TM Research Journal

Friday, April 07, 2006

Magic Instructions in Sun

After getting a grasp of how inlining works, I had to figure out how to write the so called "magic" instructions as specified here in Solaris. What this code does is that it left shifts the parameter service by 16 and then loads it into the upper 22 bits of the register g0. Registre g0 is normally a 0 register, but is used by Gems as a signaling register as well when writing to it.

Since in Sun's Inline Templates, code is passed in registers, what I did was left shift the value of register o0 by 26 (16 for the initial shift and 10 for the sethi compensation) and store the result in g0.

sll %o0, 26, %g0

The problem is, in the GCC code, this assembly portion is marked as volatile - which means that the compiler should not attempt to optimise it out (if it deems its unneccessary) nor should it move it around.
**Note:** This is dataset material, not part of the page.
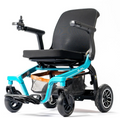 CADEIRA DE RODAS MOTORIZADA SLIM - ´POWER LITE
When I compiled the code, I tried it with a file along with the -g flag

cc -g -O new_ruby_magic_call.il testil.c

It was supposed to show me whether the code was being late inlined or not (which as I understand it means whether its being optimised or not), but appearantly it's not.

I have posted a question on the Solaris forums (had to create a new account since for some reason I cannot log in using my old one). Hopefully someone will answer.

Unanswered questions which I have asked Kevin (from U Wisconsin) are why register l0 is considered as clobbered even though it's not, and why is a parameter r being passed as 0.

I think these two things might be just code that was kept there from a previous version or something like that.